From e2787630c1abb075c935cf47e91beb7c656f48c4 Mon Sep 17 00:00:00 2001
From: Thomas Gleixner <tglx@linutronix.de>
Date: Thu, 12 Jan 2006 11:36:14 +0100
Subject: [hrtimer] Change resolution storage to ktime_t format

Change the storage format of the per base resolution to ktime_t to
make it easier accessible in the hrtimers code.

Change the resolution from (NSEC_PER_SEC/HZ) to TICK_NSEC as Roman
pointed out. TICK_NSEC is closer to the real resolution.

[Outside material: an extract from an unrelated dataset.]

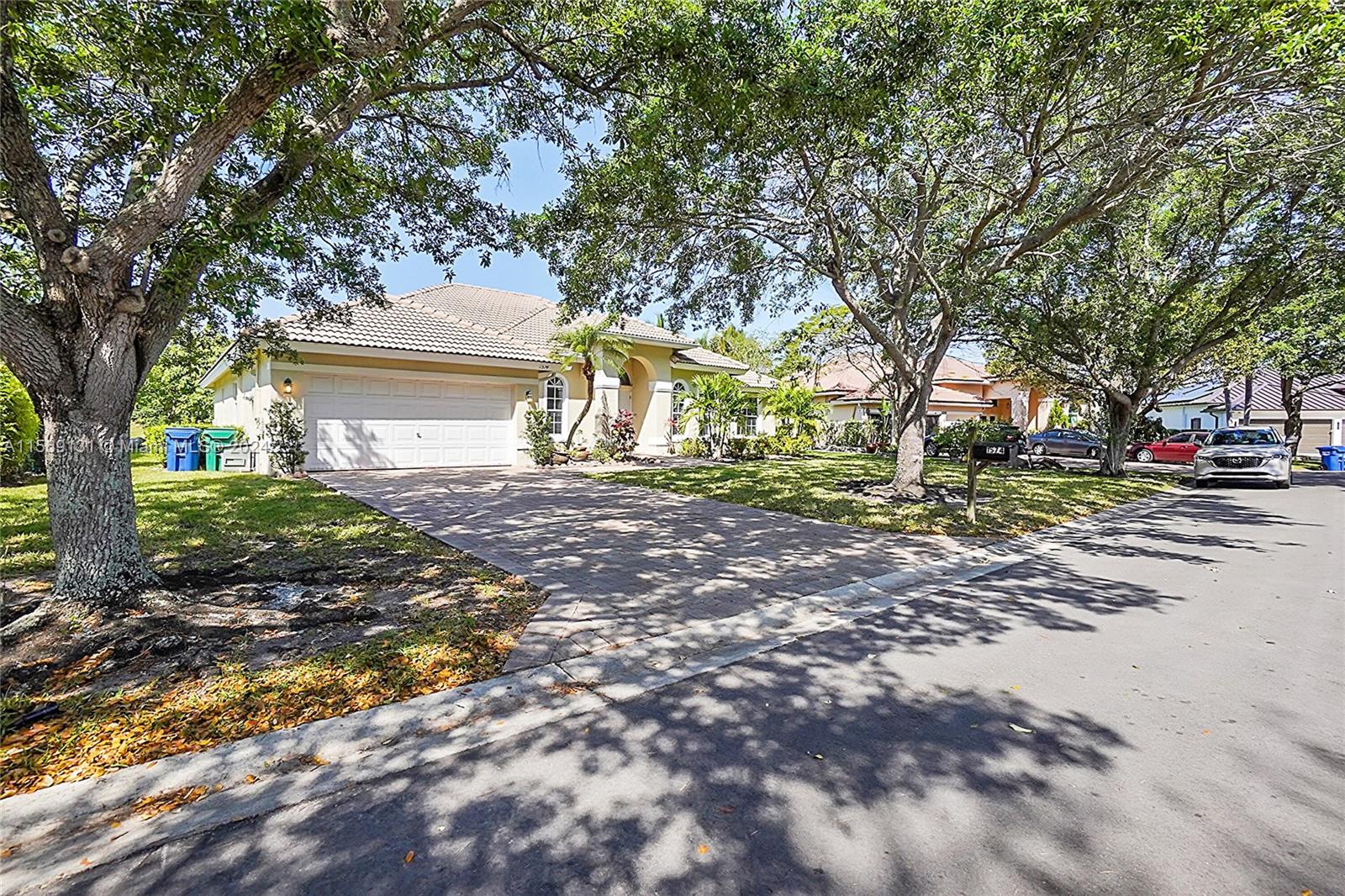 1574 NW 103 Ter, Coral Springs, Florida 33071, 4 Bedrooms Bedrooms, ,3 BathroomsBathrooms,Residential,For Sale,1574 NW 103 Ter,A11569131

Signed-off-by: Thomas Gleixner <tglx@linutronix.de>
---
 kernel/hrtimer.c | 3 +--
 1 file changed, 1 insertion(+), 2 deletions(-)

(limited to 'kernel')

diff --git a/kernel/hrtimer.c b/kernel/hrtimer.c
index e6e8278bcb18..76d759ce6231 100644
--- a/kernel/hrtimer.c
+++ b/kernel/hrtimer.c
@@ -518,9 +518,8 @@ int hrtimer_get_res(const clockid_t which_clock, struct timespec *tp)
 {
 	struct hrtimer_base *bases;
 
-	tp->tv_sec = 0;
 	bases = per_cpu(hrtimer_bases, raw_smp_processor_id());
-	tp->tv_nsec = bases[which_clock].resolution;
+	*tp = ktime_to_timespec(bases[which_clock].resolution);
 
 	return 0;
 }
-- 
cgit v1.2.2


From c9db4fa11526affde83603fe52595bd1260c1354 Mon Sep 17 00:00:00 2001
From: Thomas Gleixner <tglx@linutronix.de>
Date: Thu, 12 Jan 2006 11:47:34 +0100
Subject: [hrtimer] Enforce resolution as lower limit of intervals

Roman Zippel pointed out that the missing lower limit of intervals
leads to an accounting error in the overrun count. Enforce the lower
limit of intervals to resolution in the timer forwarding code.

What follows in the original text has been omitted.